__What you will do__
Please repeat exactly the lines below from the line with "Connecting yourself: The" to the line with "Now I want you", including both, and leave out every picture.

__Data__
^^^^^^^^
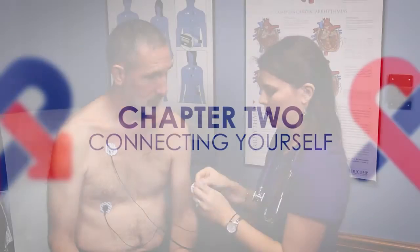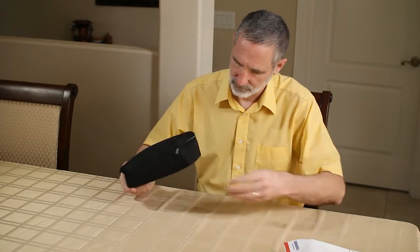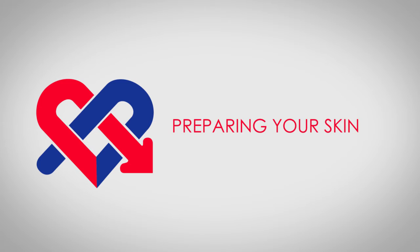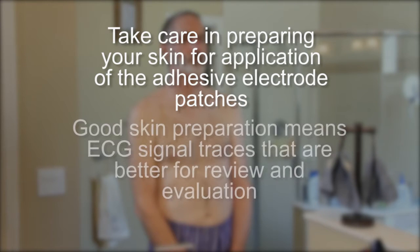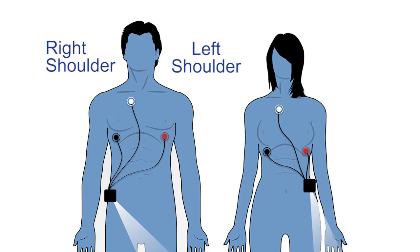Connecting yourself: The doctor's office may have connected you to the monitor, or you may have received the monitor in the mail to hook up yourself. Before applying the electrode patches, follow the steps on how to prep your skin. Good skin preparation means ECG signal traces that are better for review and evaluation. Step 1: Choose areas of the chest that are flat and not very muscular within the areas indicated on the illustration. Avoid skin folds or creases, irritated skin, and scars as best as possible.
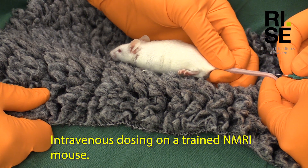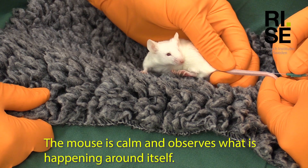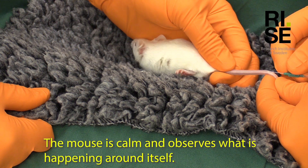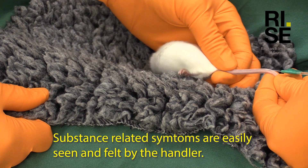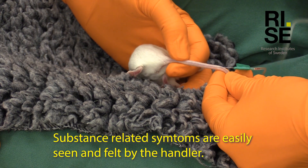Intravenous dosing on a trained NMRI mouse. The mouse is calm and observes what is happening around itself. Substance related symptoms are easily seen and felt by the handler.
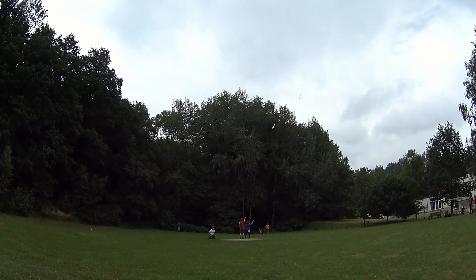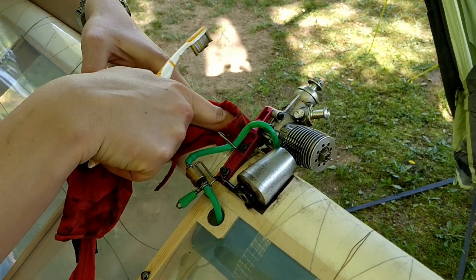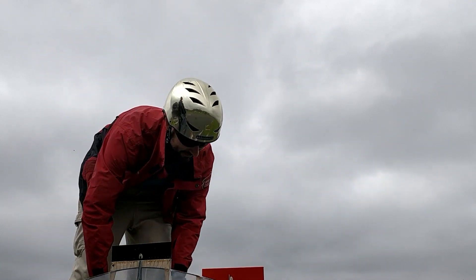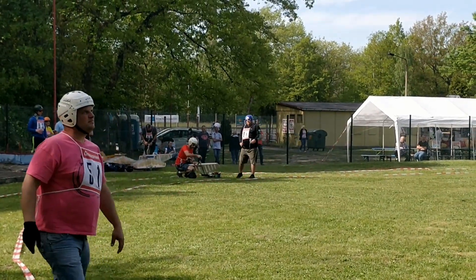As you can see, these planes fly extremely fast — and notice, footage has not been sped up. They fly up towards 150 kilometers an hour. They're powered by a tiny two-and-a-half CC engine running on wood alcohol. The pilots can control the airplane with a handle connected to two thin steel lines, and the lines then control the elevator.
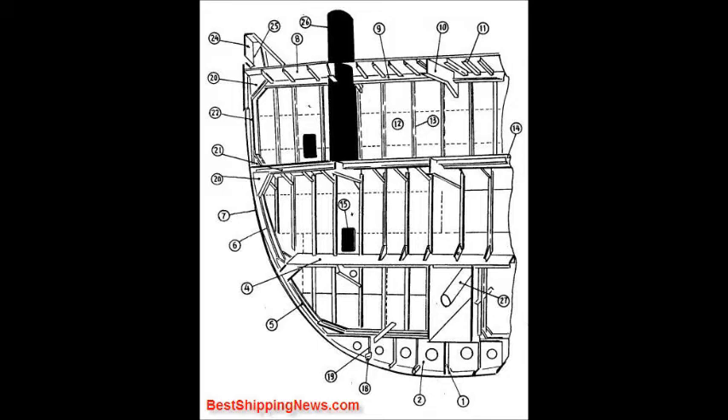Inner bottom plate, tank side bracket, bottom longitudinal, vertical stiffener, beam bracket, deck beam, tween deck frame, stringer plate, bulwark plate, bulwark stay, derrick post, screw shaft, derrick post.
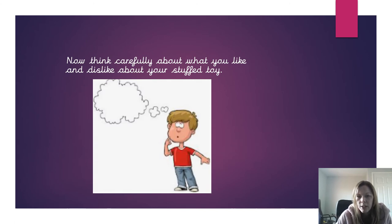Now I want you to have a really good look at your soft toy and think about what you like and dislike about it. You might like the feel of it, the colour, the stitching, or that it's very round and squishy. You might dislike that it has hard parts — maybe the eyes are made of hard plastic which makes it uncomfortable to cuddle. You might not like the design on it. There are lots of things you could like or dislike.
^^^^^^^^
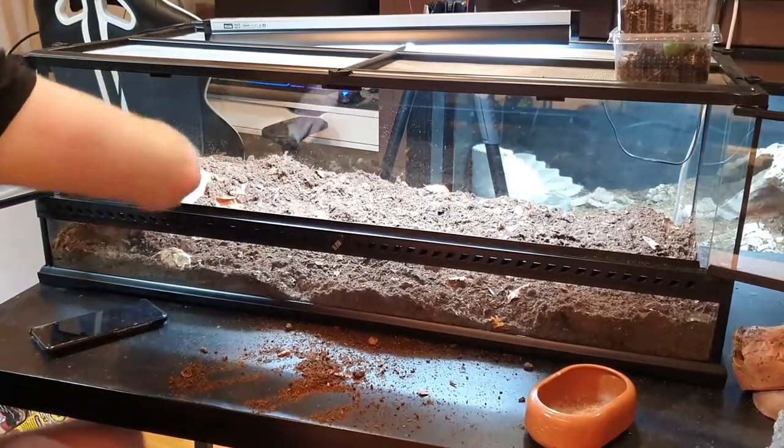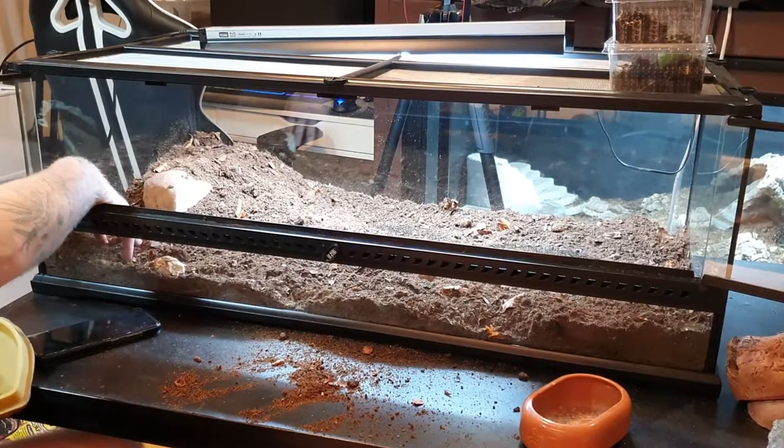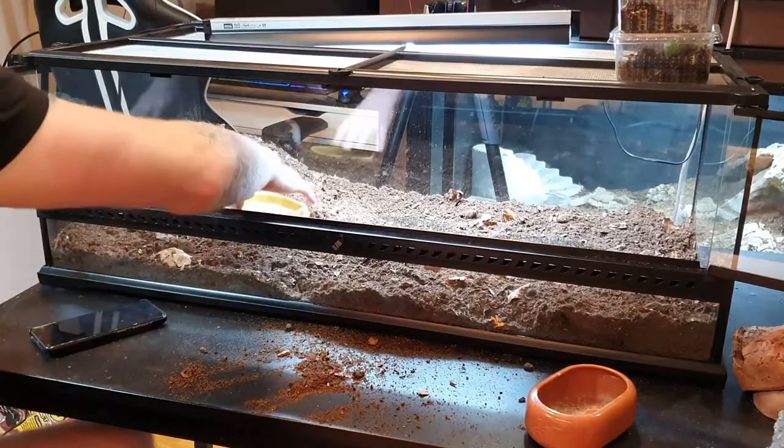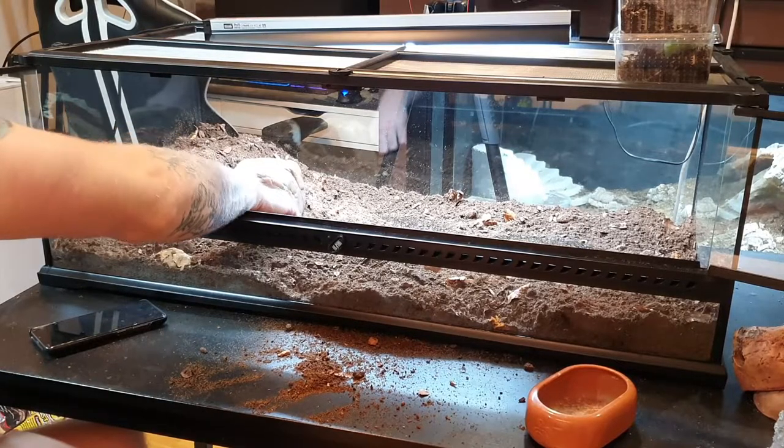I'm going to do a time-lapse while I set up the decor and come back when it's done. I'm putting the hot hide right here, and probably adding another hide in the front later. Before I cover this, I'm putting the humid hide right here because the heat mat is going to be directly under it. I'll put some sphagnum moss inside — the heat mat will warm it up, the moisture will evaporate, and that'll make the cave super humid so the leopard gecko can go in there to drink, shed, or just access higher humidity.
^^^^^^^^
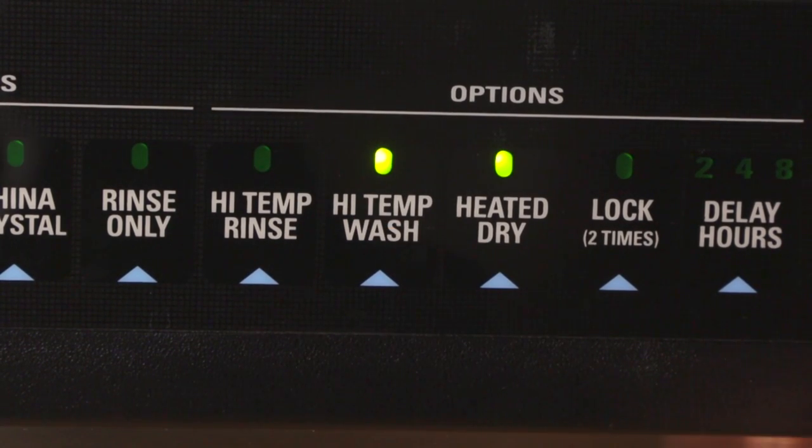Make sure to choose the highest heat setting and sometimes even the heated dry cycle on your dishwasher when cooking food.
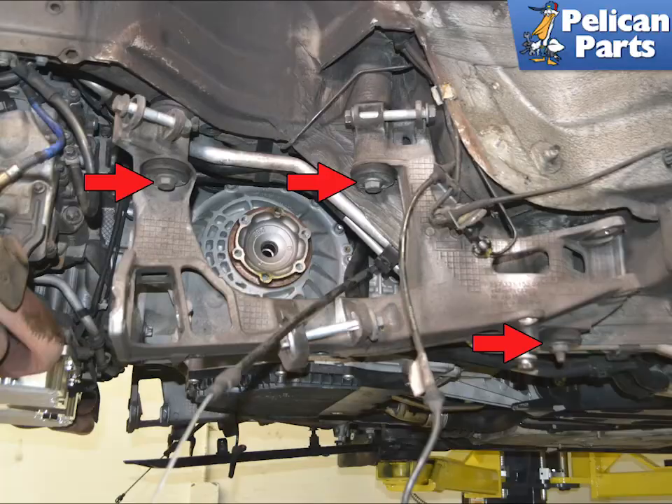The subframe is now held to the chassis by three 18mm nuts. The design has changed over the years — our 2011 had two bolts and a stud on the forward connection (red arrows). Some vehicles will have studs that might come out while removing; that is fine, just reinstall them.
^^^^^^^^
__Response box__
Connecting yourself: The doctor's office may have connected you to the monitor, or you may have received the monitor in the mail to hook up yourself. Before applying the electrode patches, follow the steps on how to prep your skin. Good skin preparation means ECG signal traces that are better for review and evaluation. Step 1: Choose areas of the chest that are flat and not very muscular within the areas indicated on the illustration. Avoid skin folds or creases, irritated skin, and scars as best as possible.
Intravenous dosing on a trained NMRI mouse. The mouse is calm and observes what is happening around itself. Substance related symptoms are easily seen and felt by the handler.
As you can see, these planes fly extremely fast — and notice, footage has not been sped up. They fly up towards 150 kilometers an hour. They're powered by a tiny two-and-a-half CC engine running on wood alcohol. The pilots can control the airplane with a handle connected to two thin steel lines, and the lines then control the elevator.
Inner bottom plate, tank side bracket, bottom longitudinal, vertical stiffener, beam bracket, deck beam, tween deck frame, stringer plate, bulwark plate, bulwark stay, derrick post, screw shaft, derrick post.
Now I want you to have a really good look at your soft toy and think about what you like and dislike about it. You might like the feel of it, the colour, the stitching, or that it's very round and squishy. You might dislike that it has hard parts — maybe the eyes are made of hard plastic which makes it uncomfortable to cuddle. You might not like the design on it. There are lots of things you could like or dislike.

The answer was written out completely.